◆ Task brief: Below this line are records; transcribe exactly the lines between the one holding "Fußballschuhe adidas X" and the one holding "Publicité JUNG, Interrupteurs", inclusive, and omit the pictures.

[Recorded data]
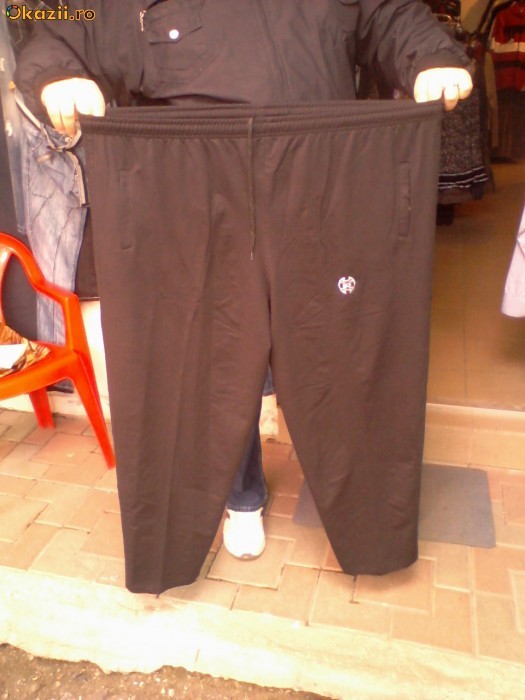 Pantaloni trening barbati marimi/masuri foarte mari XL-5XL foto mare
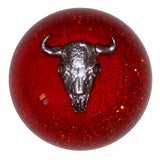 Cow Skull Glitter Brake Knob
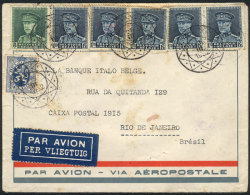 Airmail Cover Franked With 14.25Fr., With And Interesting Semi-mute Cancel, Sent From Anvers To Brazil On... - Sonstige & Ohne Zuordnung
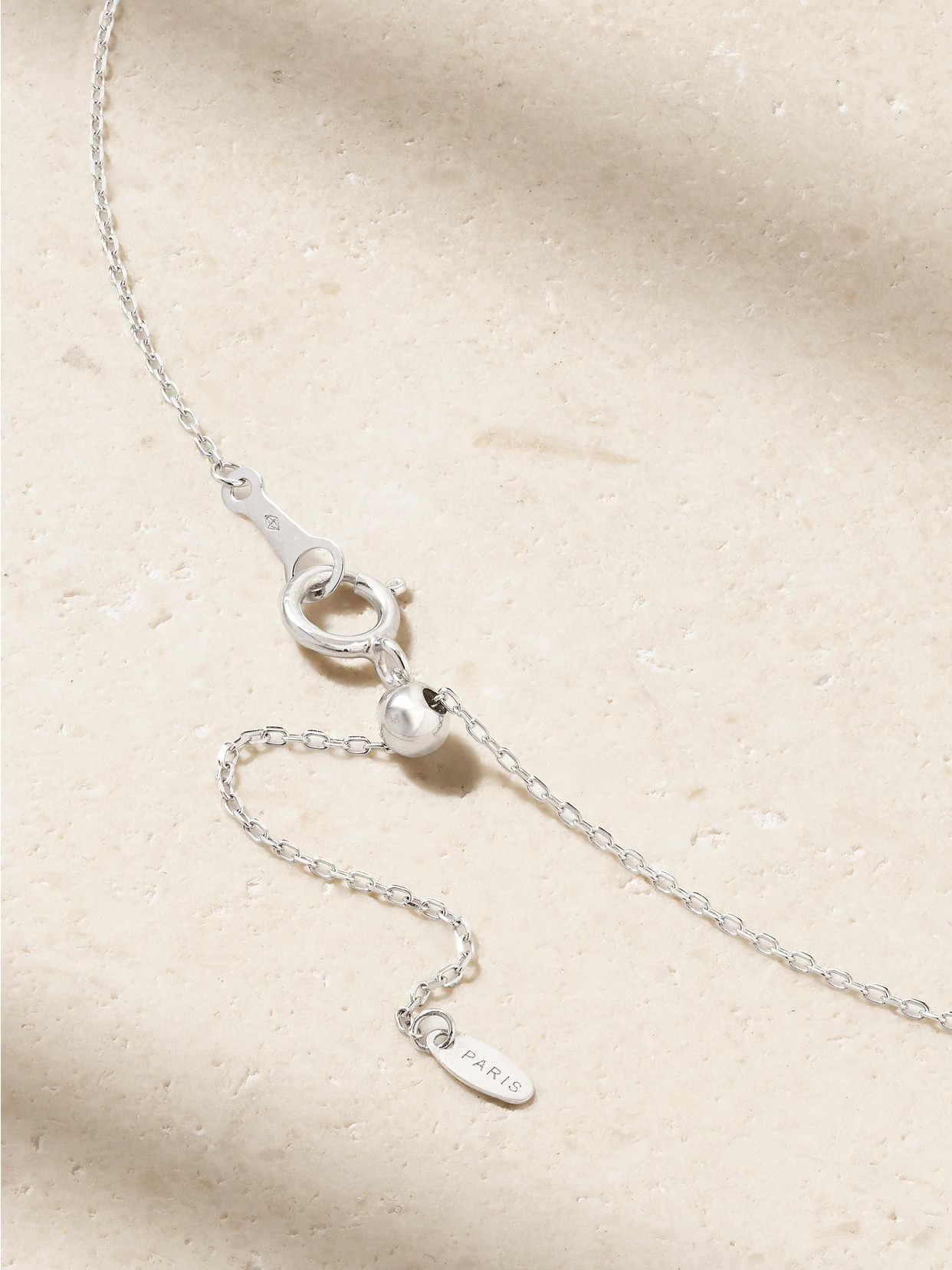 PERSÉE 18-KARAT WHITE GOLD DIAMOND NECKLACE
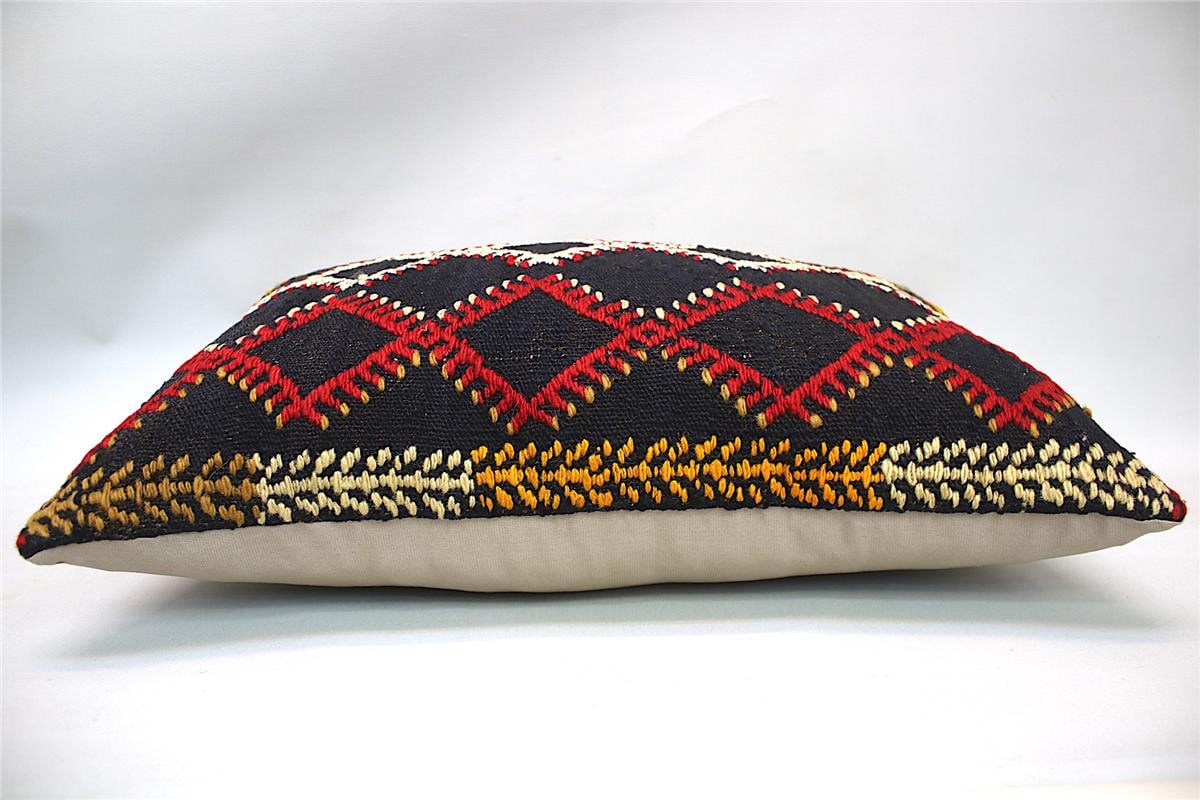 16''24'' (40x60 cm) Kilim Pillows - Vintage Handmade Kilim Pillows - Vintage Handmade Kilim Rugs - It is 100% wool. Artistic and historical rugs. Old handwoven rugs.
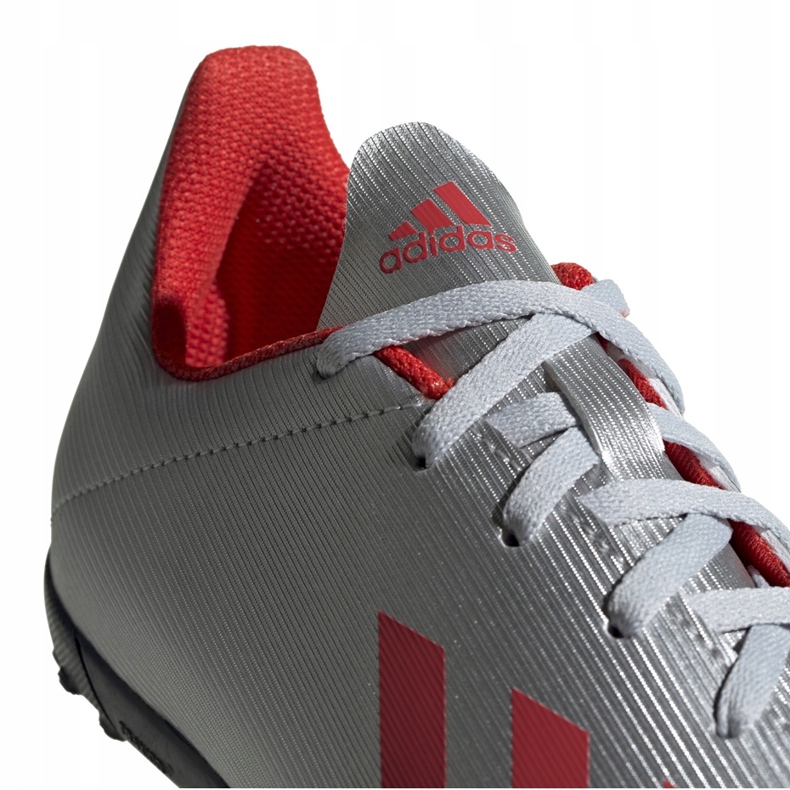 Fußballschuhe adidas X 19.4 Tf Jr silber F35348 rot 1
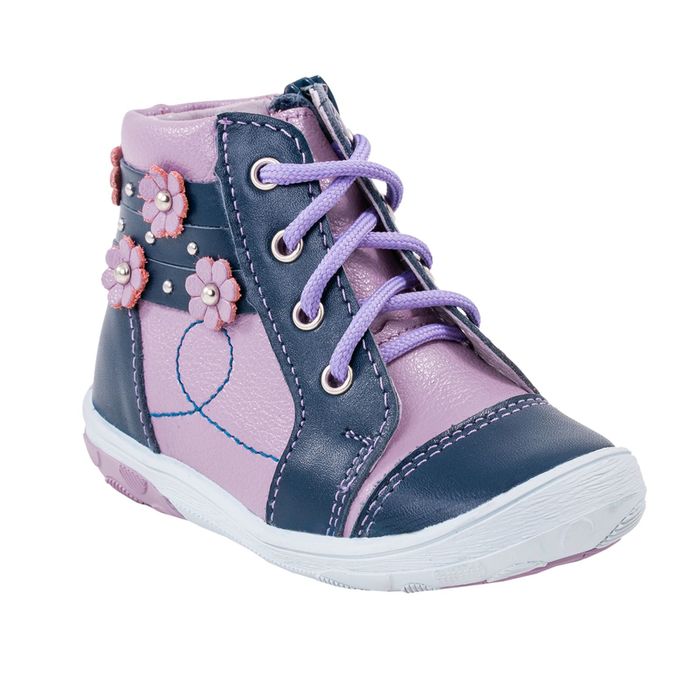 Ботинки "Котофей" арт. 152111-22 (синий/сиреневый) (р. 21)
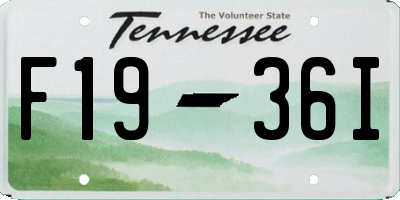 TN license plate F1936I
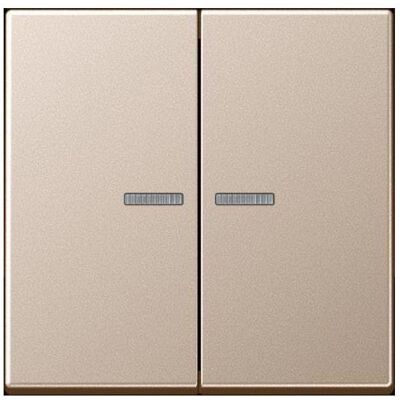 JUNG, Interrupteurs éclairage + volets électriques, BTA17102CH HOME Bouton-poussoir double - Publicité JUNG, Interrupteurs éclairage + volets électriques, BTA17102CH HOME Bouton-poussoir double - Publicité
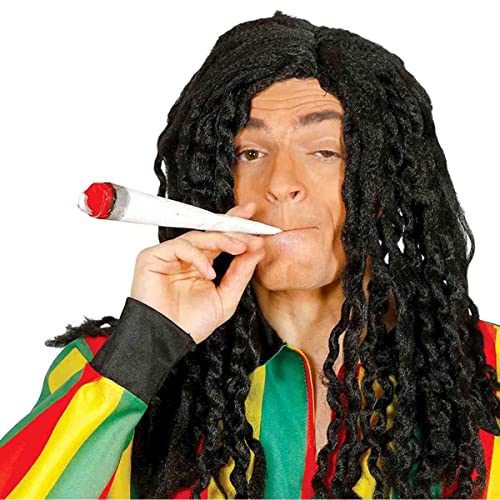 FIESTAS GUIRCA | XXL Joint für XXL Stimmung (23 cm) – Lustiges Accessoire für Junggesellenabschiede, Festivals und Rastafari-Partys – Fake Riesen Joint ideal als Party-Gag und Fotorequisit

◆ Solution to this exercise:
 Fußballschuhe adidas X 19.4 Tf Jr silber F35348 rot 1
 Ботинки "Котофей" арт. 152111-22 (синий/сиреневый) (р. 21)
 TN license plate F1936I
 JUNG, Interrupteurs éclairage + volets électriques, BTA17102CH HOME Bouton-poussoir double - Publicité JUNG, Interrupteurs éclairage + volets électriques, BTA17102CH HOME Bouton-poussoir double - Publicité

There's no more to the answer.